In ICANN circles these days, accountability is the buzz word. Nearly everybody is talking about it. Generally everybody is in favor of it, but that’s where the agreement ends. This paper urges action by ICANN to provide a means for redress of grievances as an essential element of accountability.

I would like to review the ICM case (the delegation of the .xxx domain), and the role of ICANN’s Independent Review Panel (the IRP). As you will recall, the ICANN Board had originally awarded .xxx to ICM, but in a subsequent reconsideration had reversed the award. The Review Panel, in a split decision, found that the ICANN Board’s reconsideration “was not consistent with the application of neutral, objective and fair documented policy.” Following the Panel’s declaration, the ICANN Board again reversed itself and made the award to ICM.

Accountability and redress worked in the ICM case, but ICANN did not see it that way. ICM sought and received redress for what it considered a raw deal from ICANN. ICANN, however, decided that a change in the ground rules was needed in order to avoid further and similar embarrassments.

ICANN offers three avenues for redress of perceived failures to abide by its established policies. Article IV of the ICANN Bylaws provides a process for Request for Reconsideration (Section 2), and a separate process for “independent third-party review of Board actions….” (Section 3). Article V of the Bylaws establishes the office of an Ombudsman.

Independent third party review was the procedure invoked by ICM. At the time ICM requested review, in June 2008, the standard of review was simple and straightforward:

“Requests for such independent review shall be referred to an Independent Review Panel (“IRP”), which shall be charged with comparing contested actions of the Board to the Articles of Incorporation and Bylaws, and with declaring whether the Board has acted consistently with the provisions of those Articles of Incorporation and Bylaws.”

Effective in April 2013, the ICANN Board made a number of significant changes in the standard of review. First, requests for review are now referred to an Independent Review Process Panel (emphasis added). In other words, only the process is subject to review, not the real question whether the Board acted consistently with the ICANN articles and bylaws.

To nail this down, the Board specified three areas for allowable review:
“The IRP Panel must apply a defined standard of review to the IRP request, focusing on:

  1. did the Board act without conflict of interest in taking its decision?;
  2. did the Board exercise due diligence and care in having a reasonable amount of facts in front of them?; and
  3. did the Board members exercise independent judgment in taking the decision, believed to be in the best interests of the company?”
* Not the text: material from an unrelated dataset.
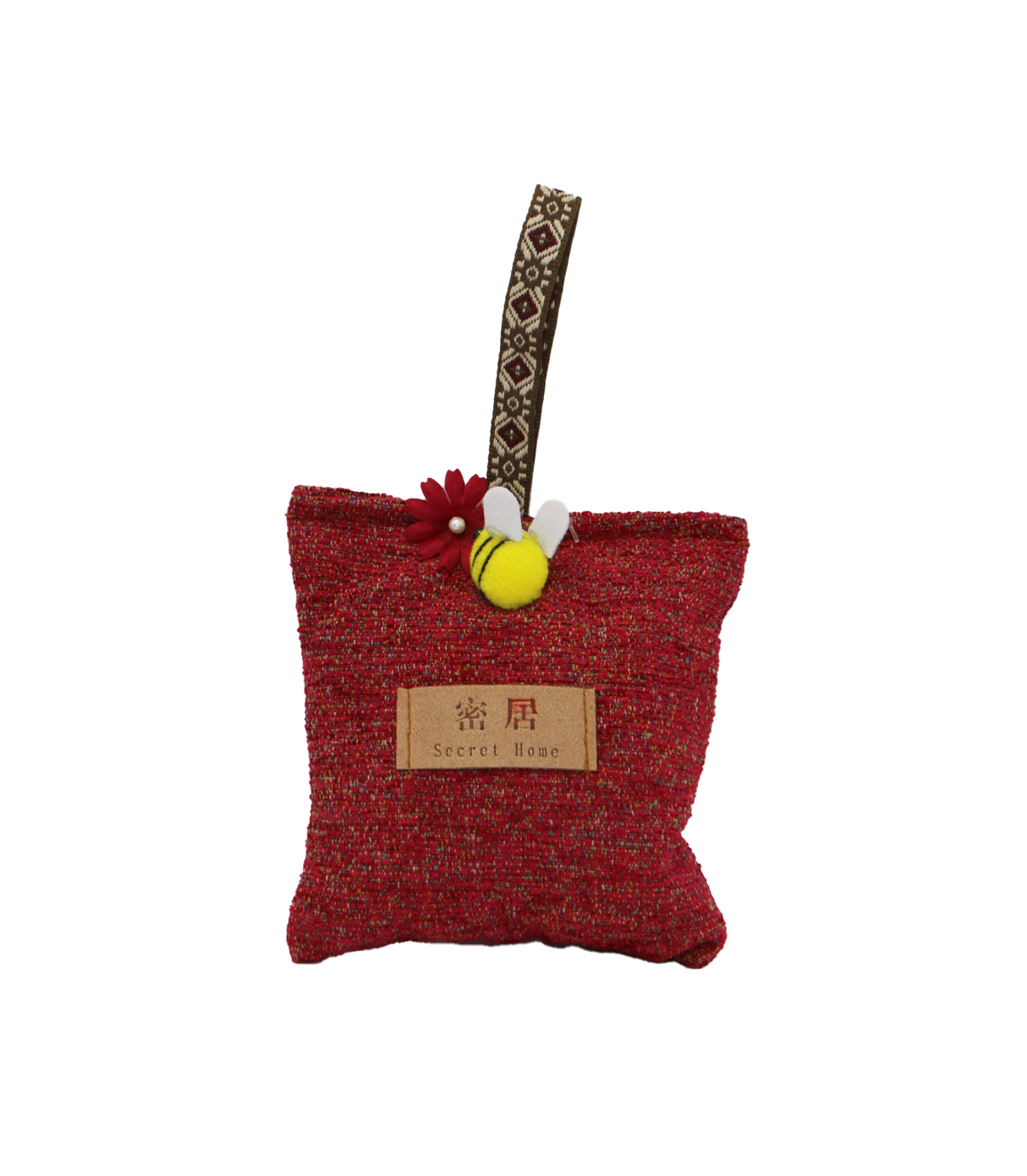 aroma scented bag red china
Why would ICANN make these changes? One clear reason is that ICANN wanted to reverse the findings of the Independent Review Panel in the ICM case. In the proceedings leading up to the Panel’s declaration, ICANN had argued that the Panel should apply a California legal concept known as the “business judgment” rule; this rule would require the Panel to give deference to the Board’s decision. In essence, ICANN argued that only a showing of bad faith on the part of the Directors could be a basis for reversing the Board’s decision. The Panel rejected ICANN’s argument and made a full and independent review of the Board’s actions.

ICANN’s desire to escape from the conclusions of the Panel declaration has been stated explicitly. In the debate over the recommendations of the second Accountability and Transparency Review Team (ATRT2), ICANN legal staff posted a comment taking direct issue with the Panel declaration. ICANN asserted:

”... it is important to note that the grounds for bringing an IRP *have not been changed in any way, and have not been restricted.* As a California corporation, the business judgment rule does apply to the acts of the Board. That’s a reality that ICANN cannot change, just as ICANN cannot cede its decision making to a third party.”
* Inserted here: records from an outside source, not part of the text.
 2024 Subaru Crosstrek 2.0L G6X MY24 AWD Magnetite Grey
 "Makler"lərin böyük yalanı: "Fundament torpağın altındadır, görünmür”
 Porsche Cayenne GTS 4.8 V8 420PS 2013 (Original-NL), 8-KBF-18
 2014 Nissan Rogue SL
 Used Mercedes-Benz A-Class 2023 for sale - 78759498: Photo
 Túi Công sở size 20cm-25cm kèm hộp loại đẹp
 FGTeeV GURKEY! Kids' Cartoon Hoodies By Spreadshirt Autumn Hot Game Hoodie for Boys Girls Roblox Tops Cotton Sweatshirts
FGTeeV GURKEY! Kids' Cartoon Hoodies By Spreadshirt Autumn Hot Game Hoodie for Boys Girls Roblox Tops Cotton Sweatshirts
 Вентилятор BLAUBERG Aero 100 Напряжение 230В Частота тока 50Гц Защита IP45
This is disingenuous. While the grounds for bringing an IRP have not changed, the power of a Panel to determine whether or not ICANN has violated its policies has been severely limited. As to the business judgment rule, the ICANN view of reality is at odds with the decision of the arbitrators in the ICM case. The business judgment rule is intended to protect directors from personal liability when they have acted in good faith, not to prevent a review of corporate decisions, as occurred in the ICM case. The assertion that ICANN cannot cede its decision making to a third party merely obfuscates the question of how to compel ICANN to live up to its legal obligations.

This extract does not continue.